1. Jeff Parker finishes assembling Luke Cage’s new Thunderbolts who capture their quarry from last issue, then go off on an emergency mission to find lost agents in a cave. Gee, think they’re mutated monsters?
2. Parker has a great sense of action, keeping everything feeling fresh… but really? Mutated former SHIELD Agents in a cave? Can’t we retire this one by now?
3. Gunna, the half-troll, half-Asgardian girl is sure to join the team down the line, and Valkyrie showing up to explain her works well with the Avengers current happy-family status quo.
4. The paths to redemption of the different characters is great. Crossbones is seeming redeemable here, but as a super Nazi, we know he won’t be.
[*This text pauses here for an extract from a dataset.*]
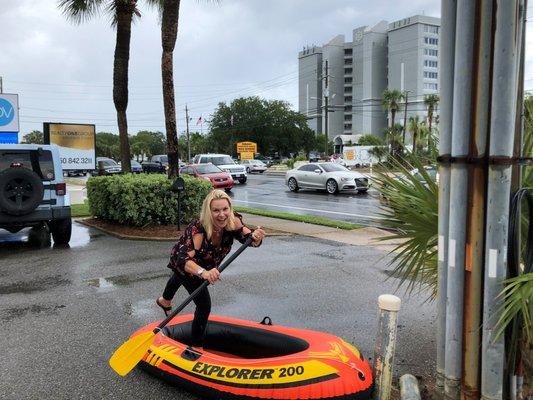 Boating to the office!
If there’s one truism in comics, it’s Nazis are bad. Juggernaut is regressing, not to villainy, but to being a pouting child. Moonstone might turn a corner, or she might be trying to get into Luke Cage’s pants. Ghost seems to have really turned a corner after Seige, while Man Thing is almost… like a team mascot or pet in an endearing way.
5. The great part about #4? Some will be redeemed and some turn out worse than when they started. Besides Ghost and Crossbones, we just don’t know. Parker is skilled enough to keep us guessing, which is the book’s real hook.
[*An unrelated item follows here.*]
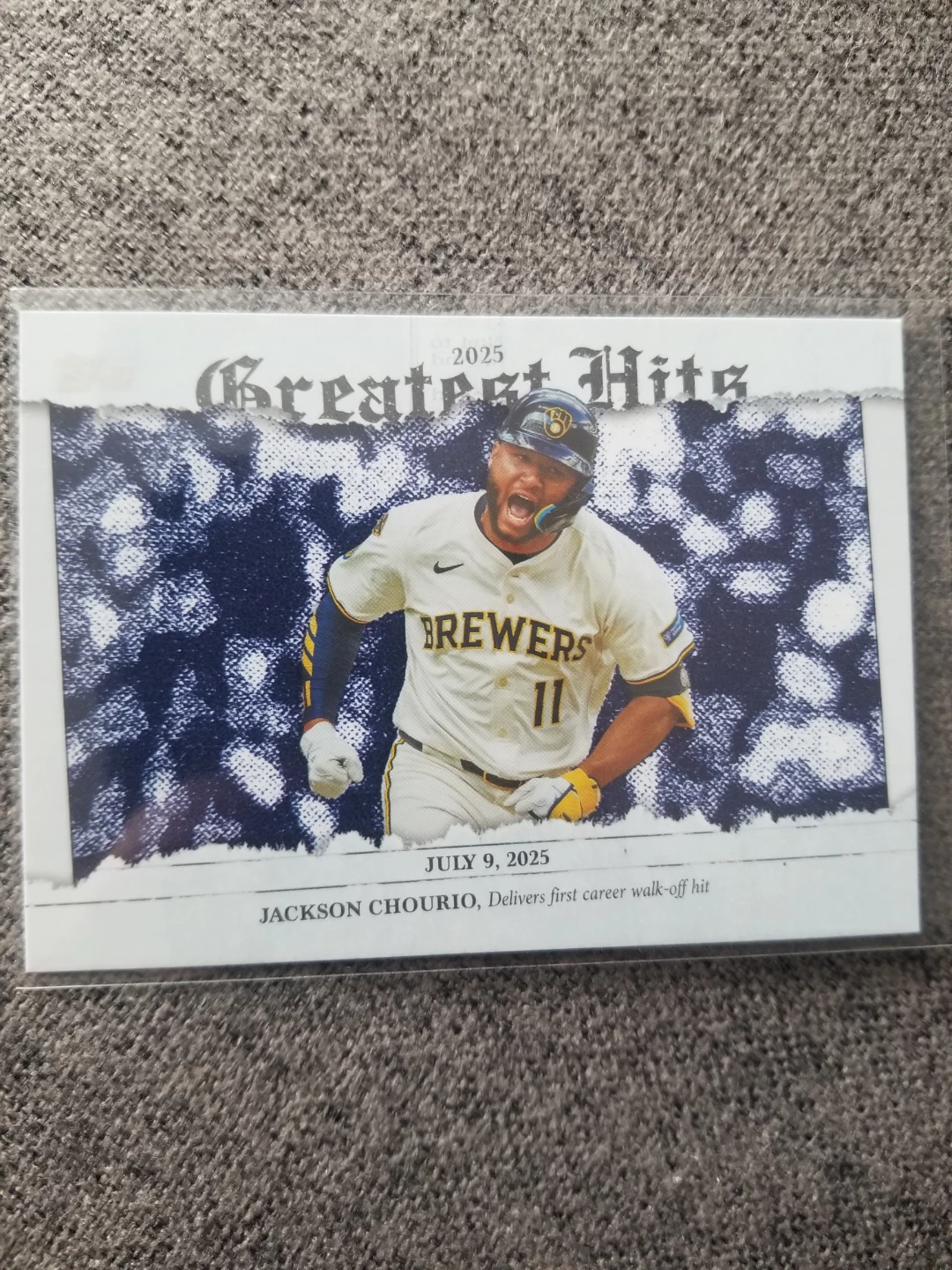 2025 Topps Greatest Hits Jackson Chourio Baseball Card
6. Great art doesn’t hurt anything as a hook either, though the monsters look entirely generic. They’re a cross between the brood and the Cthulu monsters over in Thanos Imperative.
7. The inclusion of original Thunderbolts Mach 5, Tech and Songbird does my heart good. They’re all interesting, redeemed characters that have a really good reason to be a part of the book. I was annoyed when they were in limbo and happy they’re back.
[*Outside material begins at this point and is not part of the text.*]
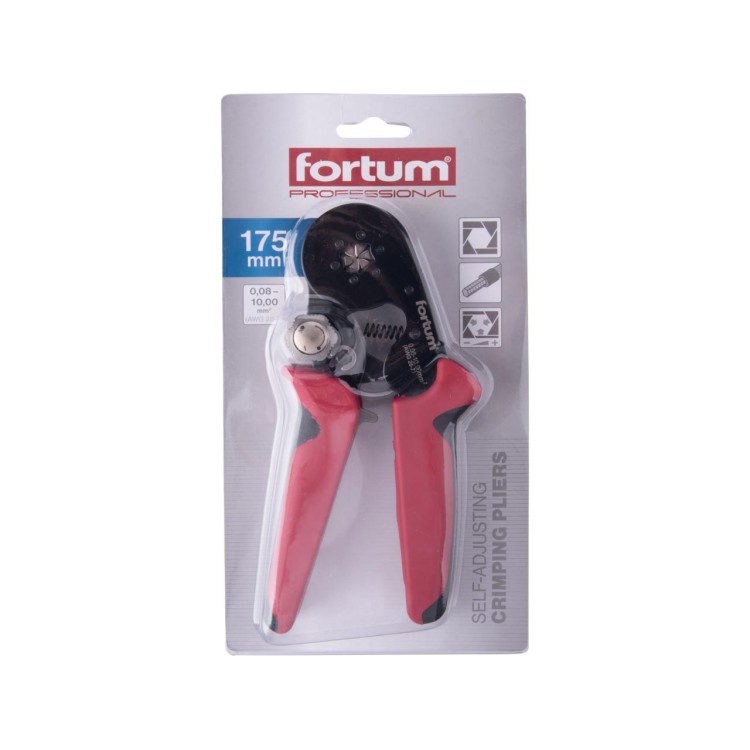 Fortum 4770495 Kleště lisovací/krimpovací na dutinkové konektory šestihran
8. Better than anything else, the art nails the facial expressions of the characters. No one looks like they’re shouting when they should be sulking or any such nonsense. This really drives home the humanity of even hardened criminals.
9. The last stand page at the end with Crossbones, Ghost (in Mach V’s armor) and Man Thing vs. a ton of uglies, is the height of cliche, yet no less aweesome for it. It’s the mindless, the redeemed and the irredeemable all together. Thematically perfect.
10. Rating: 6.5/10 This comic takes a tired premise and while it doesn’t get new life, it does at least offer a new perspective. Parker clearly knows the premise is tired, so it gets little airtime except as a vehicle for characters to react to… and they all react in different and interesting ways. It’s early and this will mean more once I’m more invested, but this is a solid step into that direction.